Calculate the value of: \[1\cdot \left(1+\frac{1}{2025} \right)^1 + 2\cdot \left(1+\frac{1}{2025} \right)^2 +\dots + 2025\cdot \left(1+\frac{1}{2025} \right)^{2025},\] and provide proof that your calculation is correct.
Suppose that we have symbols \(a,b,c,d,e\) and an operation \(\clubsuit\) on the symbols satisfying the following rules:
\(x\;\clubsuit\;e = x\), where \(x\) can be any of \(a,b,c,d,e\).
\(a\;\clubsuit\;c = c\;\clubsuit\;a = b\;\clubsuit\;d = d\;\clubsuit\;b = e\).
any bracketing of the same string of symbols are the same; for example, \(((a\;\clubsuit\;c)\;\clubsuit\;d)\;\clubsuit\;(a\;\clubsuit\;d) = (a\;\clubsuit\;(c\;\clubsuit\;(d\;\clubsuit\;(a\;\clubsuit\;d))))\).
\((a\;\clubsuit\;b)\clubsuit\;c = d\).
We use the power notation. If \(n\geq 1\) is a natural number, we write \(a^n\) for \((\dots(a\;\clubsuit\;a)\;\clubsuit\dots)\;\clubsuit\; a\), where \(a\) appears \(n\) times. Similarly for other symbols. Let \(p,q,r,s\geq 1\) be natural numbers. Express \(a^p\;\clubsuit\;b^q\;\clubsuit\;a^r\;\clubsuit\;b^s\) using the symbols \(a,b,c,d\) no more than once (power notation allowed).

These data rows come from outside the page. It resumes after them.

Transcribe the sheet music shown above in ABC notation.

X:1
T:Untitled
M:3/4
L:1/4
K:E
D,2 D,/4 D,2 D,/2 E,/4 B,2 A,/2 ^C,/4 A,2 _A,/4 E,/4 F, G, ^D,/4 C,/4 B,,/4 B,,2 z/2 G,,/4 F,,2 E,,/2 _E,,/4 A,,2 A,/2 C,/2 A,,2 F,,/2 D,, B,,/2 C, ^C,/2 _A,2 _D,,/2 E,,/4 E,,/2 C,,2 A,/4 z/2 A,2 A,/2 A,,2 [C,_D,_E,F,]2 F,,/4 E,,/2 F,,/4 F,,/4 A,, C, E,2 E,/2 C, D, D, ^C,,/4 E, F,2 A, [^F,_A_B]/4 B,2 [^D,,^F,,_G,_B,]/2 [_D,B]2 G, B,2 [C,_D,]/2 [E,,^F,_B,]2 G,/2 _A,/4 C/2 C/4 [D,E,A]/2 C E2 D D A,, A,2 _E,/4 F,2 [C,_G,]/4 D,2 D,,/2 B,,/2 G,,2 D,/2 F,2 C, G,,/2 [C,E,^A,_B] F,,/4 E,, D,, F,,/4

Three complex number \(a,b,c\) are called affinely independent if whenever \(t,s,u\) are real numbers such that \(ta+sb+uc = 0\) and \(t+s+u=0\), we have that \(t=s=u=0\). Show that three complex numbers \(a,b,c\) are affinely independent if and only if they are not collinear.
Let \(\triangle ABC\) be a triangle and \(A'\) be the midpoint of the side \(BC\). The segment \(AA'\) is a called a median of \(\triangle ABC\). Similarly, there are two more medians constructed from \(B\) and \(C\). Show that the three medians intersect at a point and give a formula for that point in terms of the three vertices. This point is called the centroid of \(\triangle ABC\).
The three altitudes of a triangle intersect at a point called the orthocenter of the triangle. Suppose that the vertices of a \(\triangle ABC\) lie on a circle of radius 1 centered at 0. Show that the centroid, the orthocenter and the circumcenter of \(\triangle ABC\) are collinear. This line is called the Euler line of the triangle. Note that the circumcenter of \(\triangle ABC\) is just 0 by our assumption.
Three clubs take part in a festival. Each club has at least one member.
During the festival, every member of one club shakes hands with every member of another club. In total (counting all three pairs of clubs), there were \(243\) handshakes between people from different clubs.
What is the smallest possible total number of participants?
Three positive numbers \(a,b,c\) satisfy \(ac-bc+ab=63\). What is the smallest value that \(a^2+b^2+c^2\) can be?